In sequential path computation, the path of the working LSP is computed using BRPC as described in [BRPC]. The path of the recovery LSP is then computed also using BRPC with the addition that the path of the working LSP is explicitly excluded using the XRO route exclusion techniques described in [PCEP-XRO].

In this case, the working LSP could be set up before or after the path of the recovery LSP is computed. In the latter case, the actual path of the working LSP as reported in the RSVP-TE RRO should be used when computing the path of the recovery LSP.

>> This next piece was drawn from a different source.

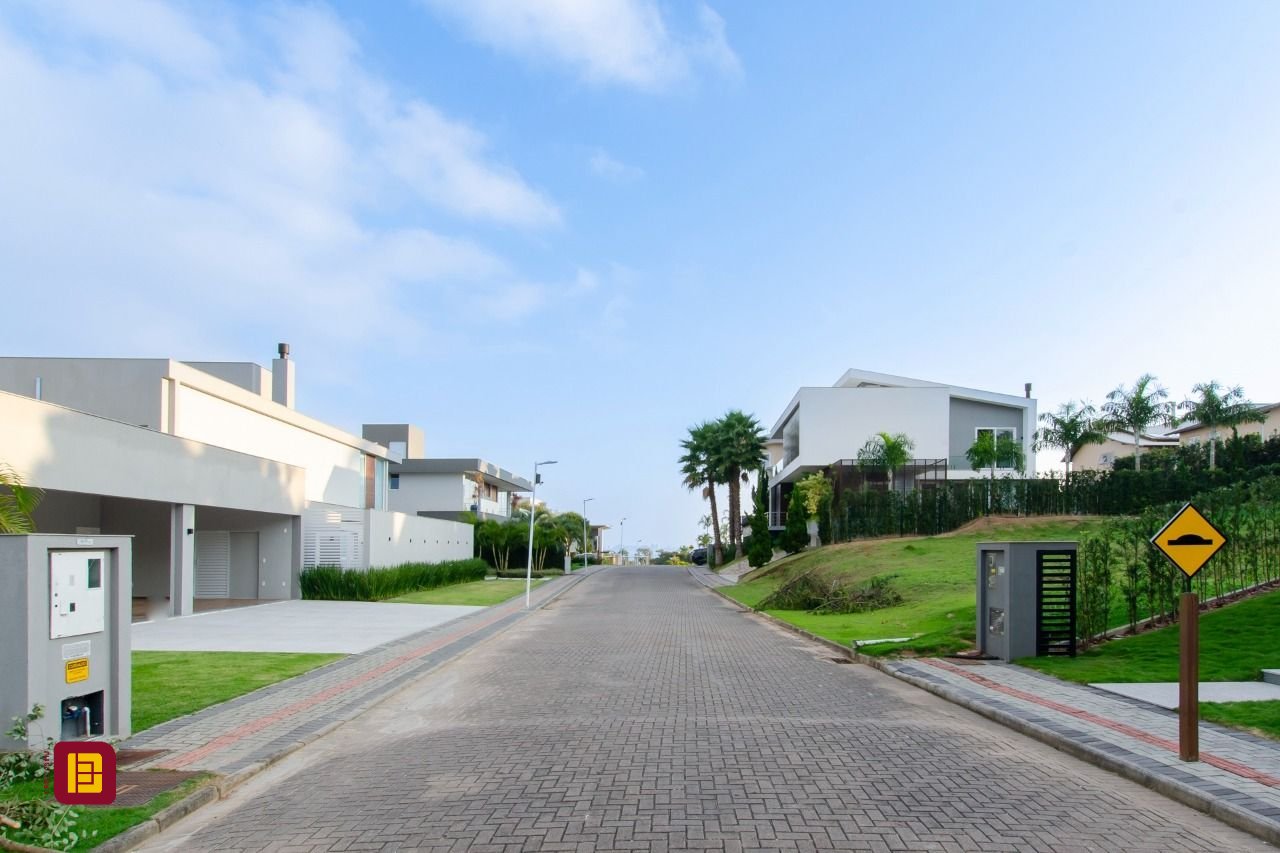Casa de Condomínio com 942m², 6 quartos (sendo 5 suítes), 4 garagens, no bairro Cacupé em Florianópolis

This scheme cannot guarantee to establish diverse LSPs (even if they exist) because the working LSP may block the recovery LSP. In such a scenario, re-optimization of the working and recovery LSPs may be used to achieve fully diverse paths.

4.4.2. Simultaneous Path Computation

In simultaneous path computation, the PCEs collaborate to compute the paths of both the working and the recovery LSPs at the same time. Since both LSPs are computed in a single pass, the LSPs can be signaled simultaneously of sequentially according to the preference of the head-end LSR.

Collaborative simultaneous path computation is achieved using the Synchronization Vector (SVEC) object in the PCE Protocol [PCEP]. This object allows two computation requests to be associated and made dependent. The coordination of multiple computation requests within the BRPC mechanism is not described in [BRPC]. It is believed that it is possible to specify procedures for such coordination, but the development of new procedures is outside the scope of this document.

This scheme can guarantee to establish diverse LSPs where they are possible, assuming that domain-level routing is pre-determined as described in Section 2. Furthermore, the computed set of TE LSPs can be guaranteed to be optimal with respect to some objective functions.

5. Diverse LSP Setup Schemes with Confidentiality

In the context of this section, the term confidentiality applies to the protection of information about the topology and resources present within one domain from visibility by people or applications outside that domain. This includes, but is not limited to, recording of LSP routes, and the advertisements of TE information. The confidentiality does not apply to the protection of user traffic.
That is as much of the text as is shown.